- **INFORMATION SUPPLIED**
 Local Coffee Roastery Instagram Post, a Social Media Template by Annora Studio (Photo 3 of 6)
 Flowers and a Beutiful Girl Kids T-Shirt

* * *

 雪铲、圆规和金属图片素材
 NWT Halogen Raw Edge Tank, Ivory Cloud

- **TASK DETAILS**
All lines in the listing above between the line with "Local Coffee Roastery" and the line with "Flowers and a Beutiful Girl Kids T-Shirt", inclusive, should be set down exactly, and no line outside that range.

- **RESULT BELOW**
 Local Coffee Roastery Instagram Post, a Social Media Template by Annora Studio (Photo 3 of 6)
 Flowers and a Beutiful Girl Kids T-Shirt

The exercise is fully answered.